## Available records:
****************
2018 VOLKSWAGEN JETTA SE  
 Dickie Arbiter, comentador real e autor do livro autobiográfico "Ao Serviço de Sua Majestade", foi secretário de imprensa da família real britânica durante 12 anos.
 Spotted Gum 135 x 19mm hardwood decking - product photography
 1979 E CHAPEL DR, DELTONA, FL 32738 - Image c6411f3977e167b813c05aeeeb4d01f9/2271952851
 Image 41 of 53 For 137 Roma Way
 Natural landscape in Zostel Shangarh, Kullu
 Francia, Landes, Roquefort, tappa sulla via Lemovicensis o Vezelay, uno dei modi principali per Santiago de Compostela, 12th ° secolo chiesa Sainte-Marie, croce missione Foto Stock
****************
## Problem description:
Look through the material and copy each line that has "Image".

## Answer for this exercise:
 1979 E CHAPEL DR, DELTONA, FL 32738 - Image c6411f3977e167b813c05aeeeb4d01f9/2271952851
 Image 41 of 53 For 137 Roma Way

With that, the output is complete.